# TASK
Find the line with "2021 CHEVROLET SILVERADO - 3GCUYBEFXMG296021" in the entries below. Repeat it, every following line, and the line with "Pavilion Residences High", exactly and with nothing added.

# MATERIAL PROVIDED
┌──

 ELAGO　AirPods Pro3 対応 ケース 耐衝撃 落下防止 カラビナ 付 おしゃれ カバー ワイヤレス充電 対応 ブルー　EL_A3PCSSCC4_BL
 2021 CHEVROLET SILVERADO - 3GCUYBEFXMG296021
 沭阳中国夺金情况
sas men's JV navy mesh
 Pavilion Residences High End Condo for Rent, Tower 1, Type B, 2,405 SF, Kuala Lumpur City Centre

└──
┌──

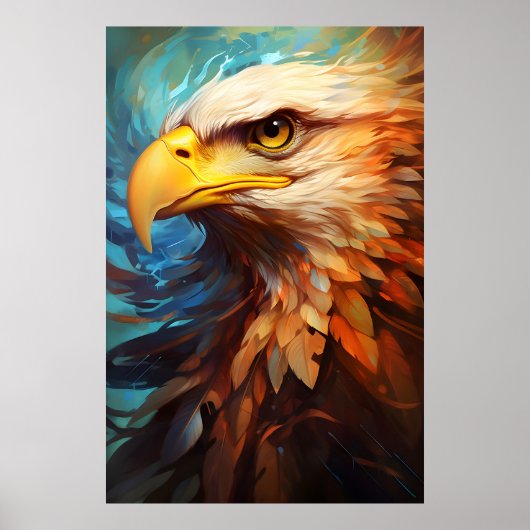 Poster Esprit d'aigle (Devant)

└──

# EXERCISE ANSWER
 2021 CHEVROLET SILVERADO - 3GCUYBEFXMG296021
 沭阳中国夺金情况
sas men's JV navy mesh
 Pavilion Residences High End Condo for Rent, Tower 1, Type B, 2,405 SF, Kuala Lumpur City Centre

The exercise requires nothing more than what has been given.